Following through on its warning, the power later announced that Stage 4 load shedding would be implemented from 11:00 until midnight on Friday, and from 05:00 until midnight on Saturday and Sunday, to conserve emergency generation reserves due to the “ongoing unprotected labour action”.
The utility, which has struggled to meet power demand in Africa’s most industrialised nation for over a decade, has been implementing rotational outages since the start of the week.
Eskom said the protests included incidents of intimidation of working employees and blockading of roads leading to power stations.
In its Stage 4 power cut statement, Eskom said: “While exploring possible solutions to unlock the deadlock with the unions, Eskom appeals to its labour partners and striking employees to embrace the higher purpose of putting the people of South Africa first, respect the law and to desist from illegal and undemocratic conduct.”
“However, Eskom cautions the public that as the shortage of generation capacity persists, the system will continue to be constrained with an elevated risk of load shedding over the coming weeks.”

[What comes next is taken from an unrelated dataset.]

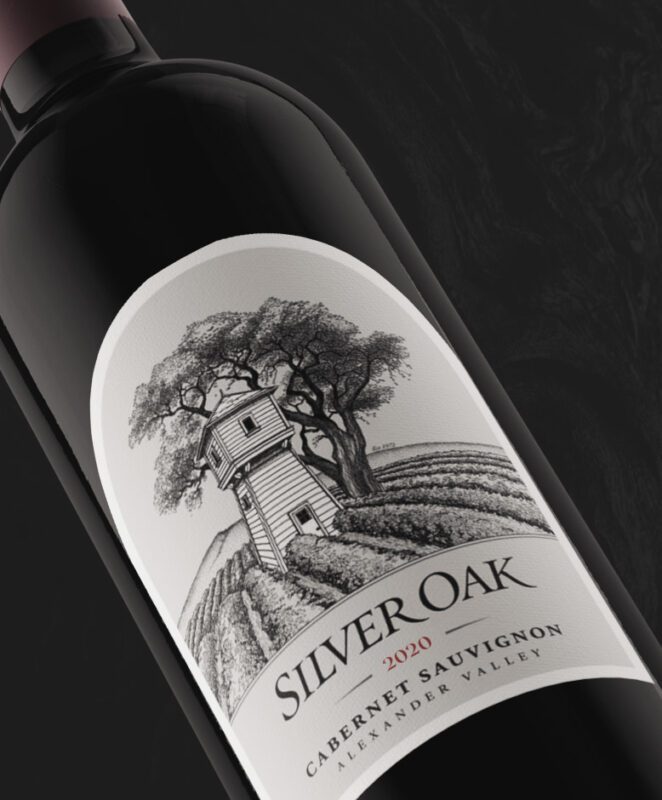 A close-up of a Silver Oak 2020 Cabernet Sauvignon wine bottle, featuring a label with a black-and-white illustration of a wooden tower among vineyards and large trees, and text indicating Alexander Valley.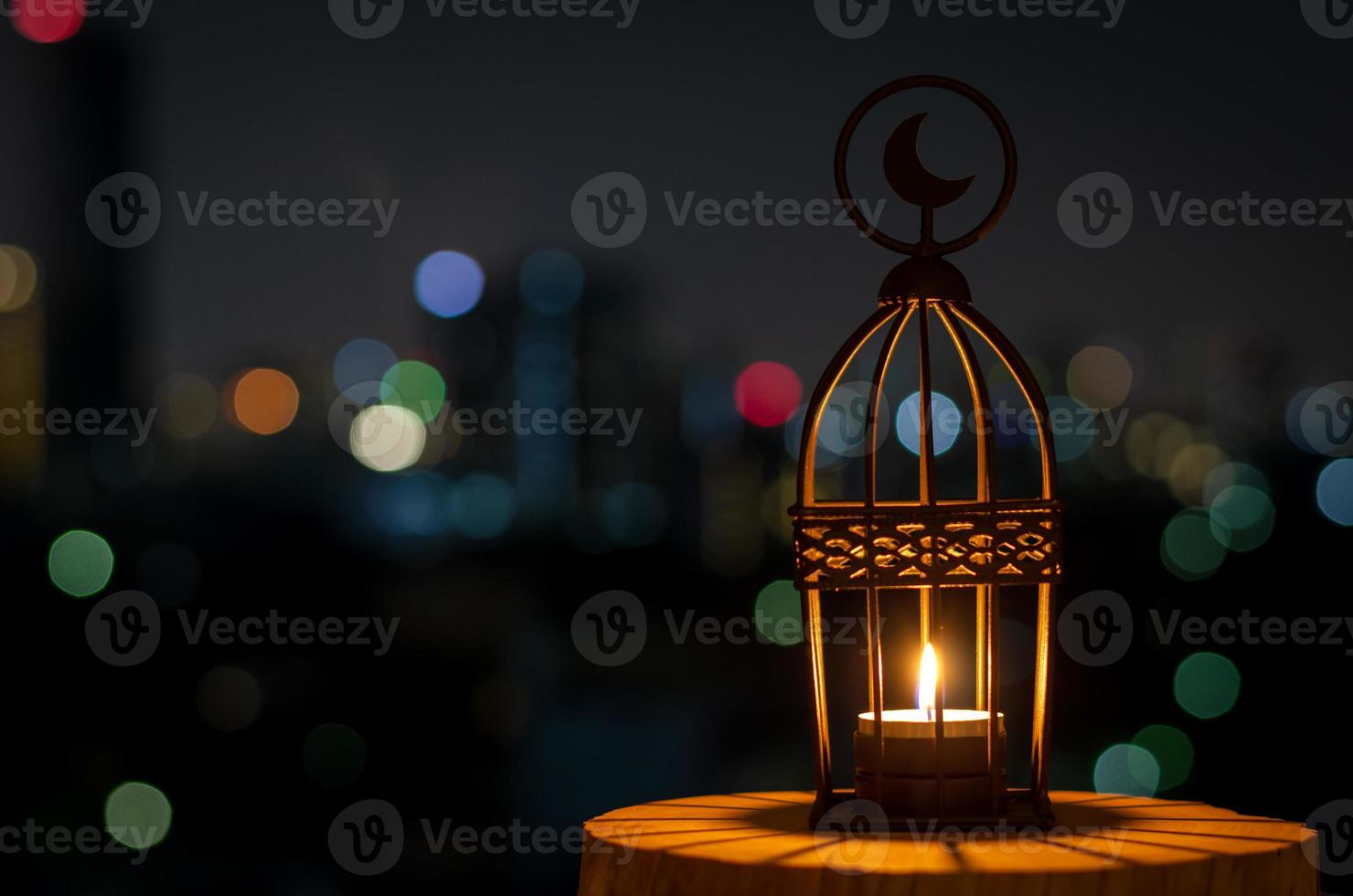 linda lanterna que tem o símbolo da lua no topo com luz bokeh da cidade em fundo escuro. foto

Eskom spokesperson Sikonathi Mantshantsha said on Thursday that groups of people, some wearing union outfits, were protesting outside six coal plants and the company said police had been deployed.
The negotiations with trade unions including the National Union of Metalworkers of South Africa broke down on Tuesday.
Eskom said on Friday that over the past 24 hours there had been protests at nine of its power stations and other operating facilities, by some of its employees who had embarked on unprotected strike action.
The loss-making utility, saddled with a huge debt pile approaching R400 billion, is trying to contain costs as part of turnaround efforts under Chief Executive Andre de Ruyter.
Reforming Eskom is a priority for President Cyril Ramaphosa’s government, but efforts to improve power plant performance are yet to bear fruit.
Eskom has a total nominal capacity of 46 000 MW, but earlier this week more than a third of that capacity was offline due to breakdowns and planned maintenance. It said on Friday it has 2 766MW on planned maintenance, while another 17 395MW of capacity is unavailable due to breakdowns.